General information
- Type: Experimental aircraft
- Manufacturer: Geoffrey de Havilland
- Status: Destroyed
- Number built: 1

History
- First flight: December 1909

= De Havilland Biplane No. 1 =

De Havilland Biplane No. 1 is a name applied retrospectively to the first aircraft constructed by Geoffrey de Havilland, who built and flew it once in December 1909. De Havilland undertook the project with the assistance of his friend, and soon to be brother-in-law, Frank Hearle, and financed the project with £1,000 borrowed from his maternal grandfather as an advance on his inheritance.

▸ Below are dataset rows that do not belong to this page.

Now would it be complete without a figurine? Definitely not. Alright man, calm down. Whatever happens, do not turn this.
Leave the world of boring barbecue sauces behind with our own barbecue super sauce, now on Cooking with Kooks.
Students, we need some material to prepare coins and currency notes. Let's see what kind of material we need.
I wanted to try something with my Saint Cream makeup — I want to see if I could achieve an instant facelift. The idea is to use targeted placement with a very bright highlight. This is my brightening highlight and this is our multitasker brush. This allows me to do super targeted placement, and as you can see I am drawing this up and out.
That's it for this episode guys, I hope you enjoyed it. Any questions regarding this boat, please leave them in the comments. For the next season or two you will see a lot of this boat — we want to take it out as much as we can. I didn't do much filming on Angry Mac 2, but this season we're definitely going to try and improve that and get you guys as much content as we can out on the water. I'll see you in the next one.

The resulting design was a three-bay biplane with an open-truss fuselage, equal-span unstaggered wings, and a four-wheeled undercarriage. Power was provided by a 45 hp (30 kW) de Havilland Iris flat-four engine (custom-built by the Iris Car Company for £220) driving two pusher propellers mounted behind the wings. A fin and stabiliser were carried to the rear, with a large elevator at the front of the aircraft. Lateral control was provided by ailerons attached to the upper wing, de Havilland's wife, Louise, sewed the linen surfaces of the wings.

With construction continuing at Fulham, de Havilland and Hearle looked for a site to test the aircraft. During a visit to Crux Easton in the summer, they discovered unused sheds that had been built on Lord Carnarvon's estate at Seven Barrows by John Moore-Brabazon. De Havilland purchased them in August for £150 and secured Lord Carnarvon's permission to fly from his land.

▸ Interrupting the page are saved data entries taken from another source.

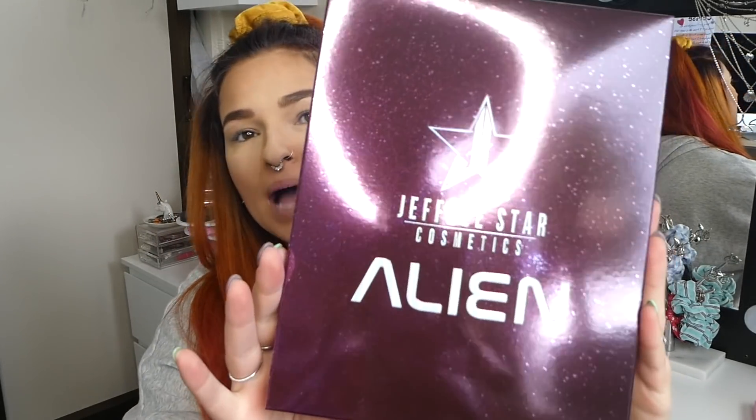Hi everyone, welcome back to my channel. It's Cerise here and for today's video — oh my god, it arrived. I am so freaking excited. The Jeffree Star Alien Palette.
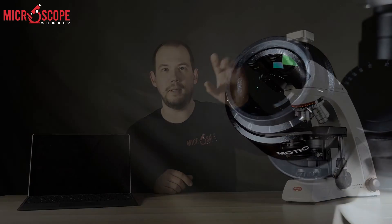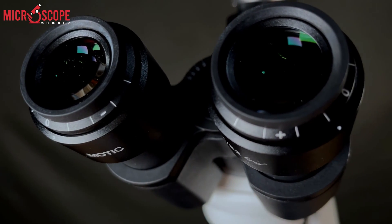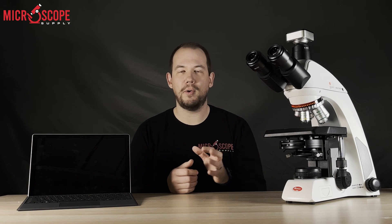The C2 comes standard with 22 millimeter field of view eyepieces. A lot of microscopes in this price range will go with a 20 millimeter, which is a slightly smaller field of view. 22 millimeter is what you would see on a really nice clinical quality microscope, so we are super happy that Motic has gone standard with that 22 millimeter field of view eyepiece.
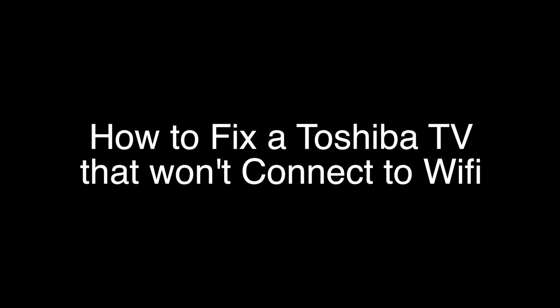Today we're going to show you how to fix your Toshiba TV if it won't connect to Wi-Fi. This procedure will work with all Toshiba models, including the Toshiba Fire TV. We're going to show you several methods for fixing this problem. If you stay with us all the way to the end of the video and try each of these methods, there is a very high probability that this problem will be solved for you.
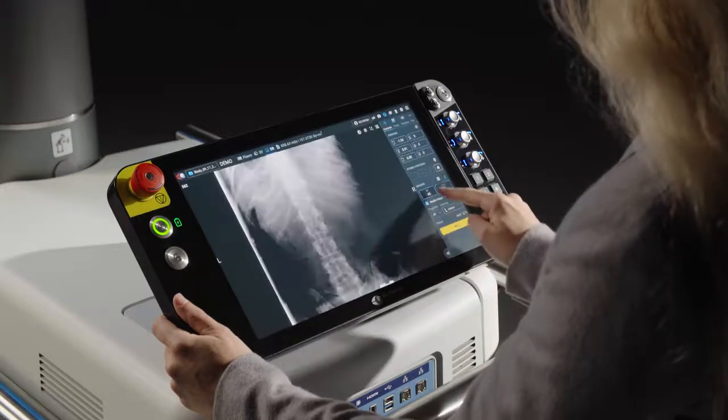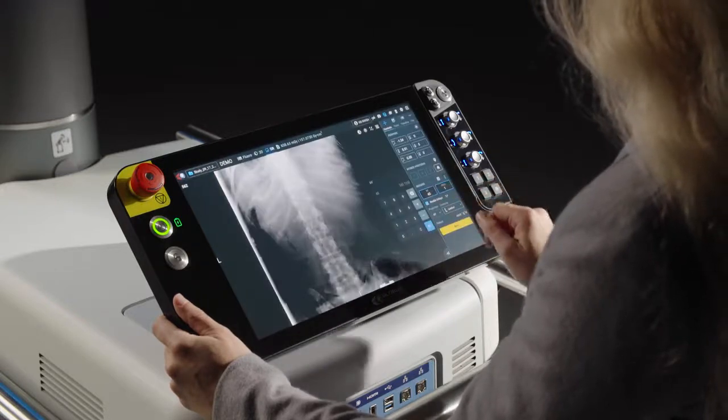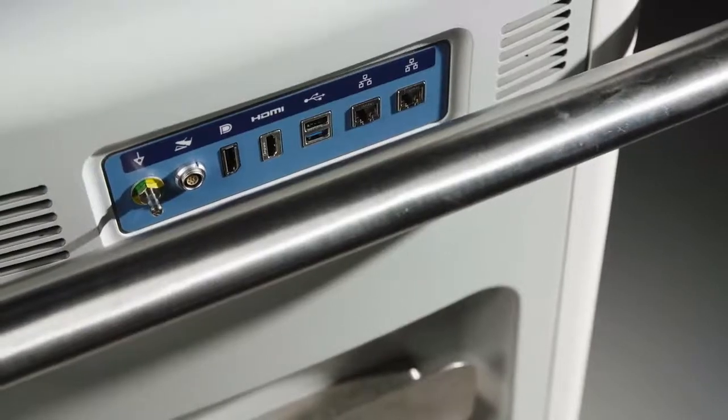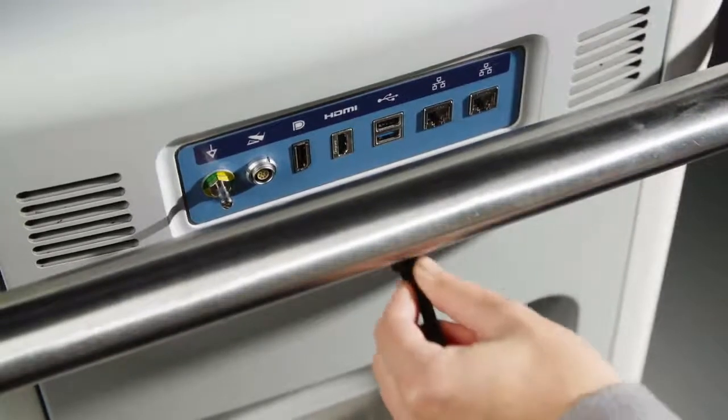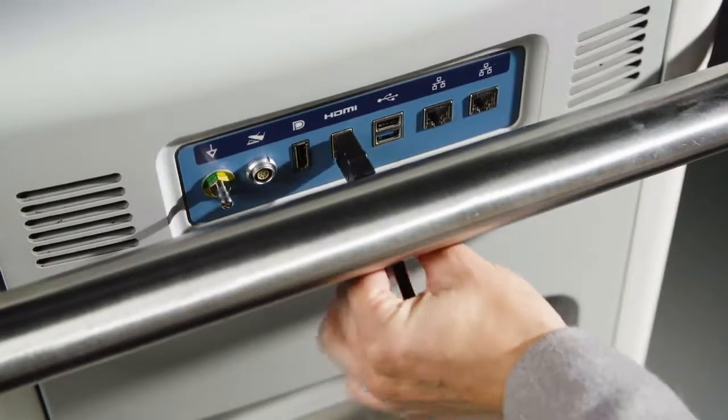The acquisition presets are optimized by imaging modality, dose option, patient size, and target anatomy. At the rear of the system, the connector panel allows various connections for additional display options to other monitors.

By December, de Havilland and Hearle relocated the aircraft to the sheds and took rooms at a nearby inn. After ground tests, they sent the aircraft rolling down Beacon Hill with de Havilland at the controls. It became airborne briefly, covering some 100 ft (35 m) before the left wing failed, and the aircraft crashed. De Havilland's most serious injury was a blow to the wrist from one of the still-spinning propellers, received after extricating himself from the wreckage. The engine was salvaged and powered the team's next aircraft, the de Havilland Biplane No. 2, which first flew in September 1910, also at Beacon Hill.